Many moons ago, TCP/IP was developed. In 1988, the year I graduated from Maties and more than a decade after TCP/IP, Simple Network Management Protocol (SNMP) was developed. Ever since, it has been the primary method by which networking infrastructure has been mined for metrics and it is the basis on which a multitude of Stupid Network Management Products have been flogged to the ever suffering network community. Some of these have been been unashamedly expensive, with some of those being nothing more than RAGs
Fundamentally a network error, outage or failure is never an event. A tool that is an event logging or “event management” system can also be added to our growing list of horror stories. The reason is that we need to view errors, outages and failures, not as singular events but processes consisting of multiple correlations that form a life cycle. The source of investigative knowledge with which we manage this life cycle consists of more than just network metrics or logged events. There are also attributes of people, processes as well as technology. The latter is typically the only one that is ever instrumented.

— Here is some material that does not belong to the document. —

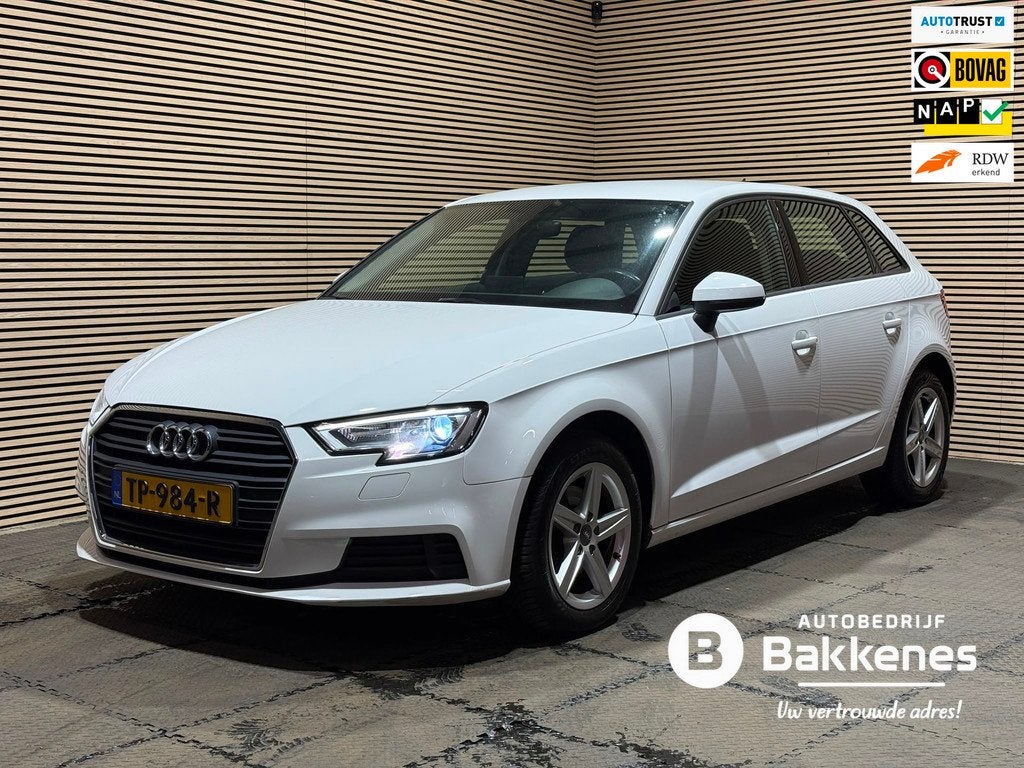 Audi A3 Sportback 30 TFSI Pro Line | NAP | Airco | Cruise |, Auto's, Audi, Voorwielaandrijving, Stof, Gebruikt, Euro 6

Thus let us start at the beginning and analyze how we deal with network incidents. We need to learn how pilots do it by using checklists. Although Charles Lindbergh, who flew non-stop across the Atlantic in the Spirit of St Louis, did not use checklists, they came into extensive use by pilots during the time of WWII. Pilots have been doing what the network community should be doing and they have been doing it for the better part of a century. Nearly a decade ago, I developed a networking troubleshooting checklist. It takes a person through a number of checks to valid network operations, just like a pilot would do with his plane. The pilot would execute the checklist using the visual validation of his cockpit dashboard. In flying a network we would do the same but with a network dashboard. Unluckily, due to the functional design of most network dashboard instrumentation, these is some crucial instrumentation missing as previously mentioned.The methodologies encouraged by the use of checklists dramatically reduces the time to troubleshoot a network as well as direct attention to the required metrics.
Even after ten years, there still isn’t a Stupid Network Management product that can automatically provide instrumentation for each of the checks in my checklist in a seamless fashion. The aviation industry is a benchmark, and network operation centres (NOCs) the world over should be assimilating how we control the sky. In the NOC, we can start with simple aggregated views!